═══ Information shown ═══
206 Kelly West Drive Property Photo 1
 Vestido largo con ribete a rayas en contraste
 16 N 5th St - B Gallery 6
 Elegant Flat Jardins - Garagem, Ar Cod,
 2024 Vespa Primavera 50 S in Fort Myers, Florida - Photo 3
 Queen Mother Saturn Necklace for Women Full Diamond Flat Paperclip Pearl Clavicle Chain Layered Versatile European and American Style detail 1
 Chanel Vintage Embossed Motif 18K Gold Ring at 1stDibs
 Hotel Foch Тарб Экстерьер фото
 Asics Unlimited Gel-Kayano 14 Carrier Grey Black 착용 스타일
═══
■ Your goal
Recopy the records without any alteration.

■ Output of the exercise
206 Kelly West Drive Property Photo 1
 Vestido largo con ribete a rayas en contraste
 16 N 5th St - B Gallery 6
 Elegant Flat Jardins - Garagem, Ar Cod,
 2024 Vespa Primavera 50 S in Fort Myers, Florida - Photo 3
 Queen Mother Saturn Necklace for Women Full Diamond Flat Paperclip Pearl Clavicle Chain Layered Versatile European and American Style detail 1
 Chanel Vintage Embossed Motif 18K Gold Ring at 1stDibs
 Hotel Foch Тарб Экстерьер фото
 Asics Unlimited Gel-Kayano 14 Carrier Grey Black 착용 스타일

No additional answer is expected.